### DIRECTIONS FOR THIS TASK
Would you reproduce exactly, and only, the lines starting at the one with "River Island Mens" and ending at the last line of the data, with both included? Leave the pictures out.

┌─ DATA PROVIDED

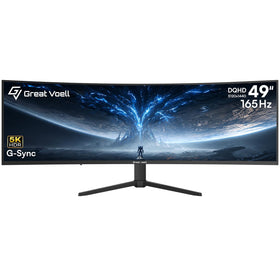 Great voell 49-inch monitor front view highlights immersive multitasking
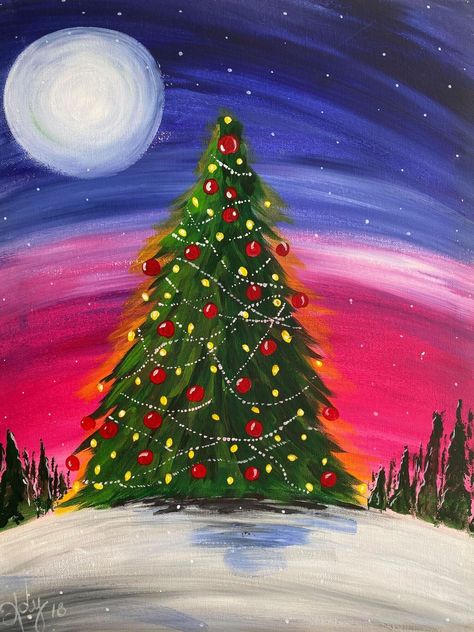 Christmas Decorations Drawings, Easy Christmas Drawings, Christmas Art For Kids, Diy Christmas Paintings, Holiday Canvas, Christmas Canvas Art, Christmas Tree Art, Painting Snow, Christmas Tree Painting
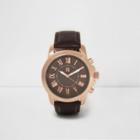 River Island Mens And Rose Gold Round Face Watch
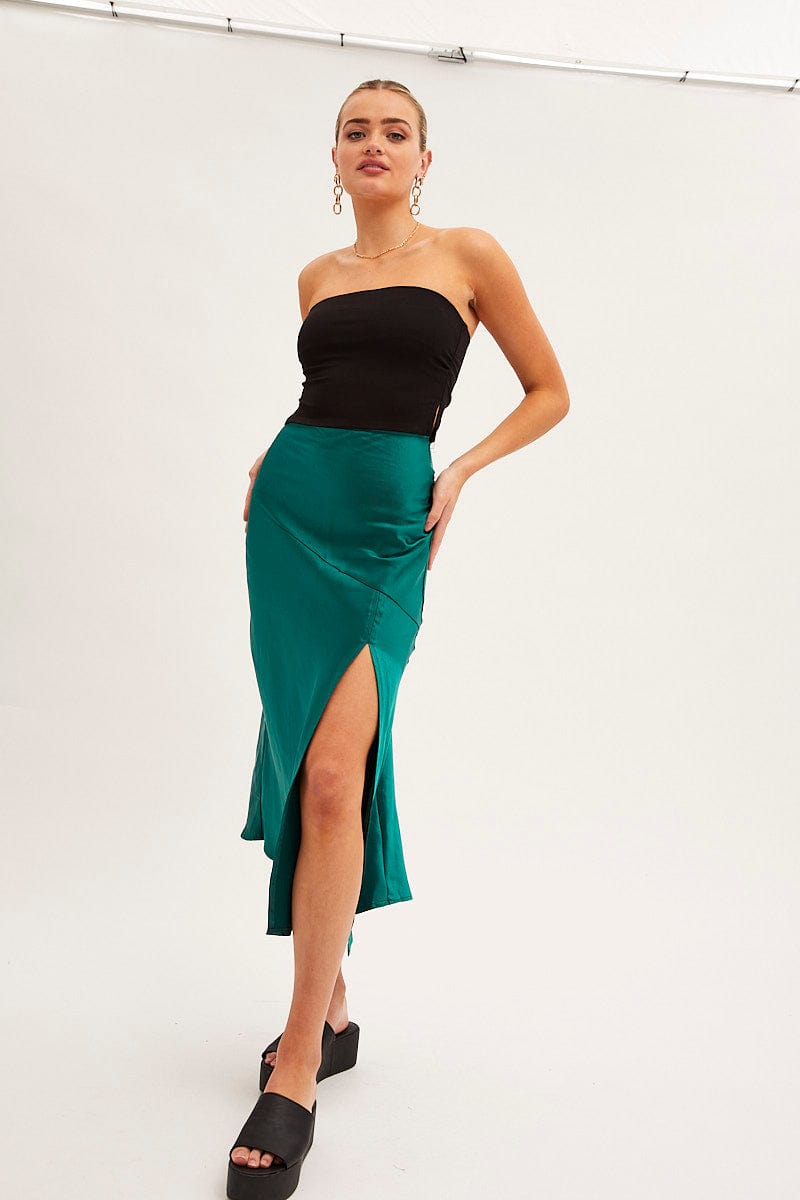 Teal Slip Skirt Satin Midi | Ally Fashion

└─

### THE ANSWER
 River Island Mens And Rose Gold Round Face Watch
 Teal Slip Skirt Satin Midi | Ally Fashion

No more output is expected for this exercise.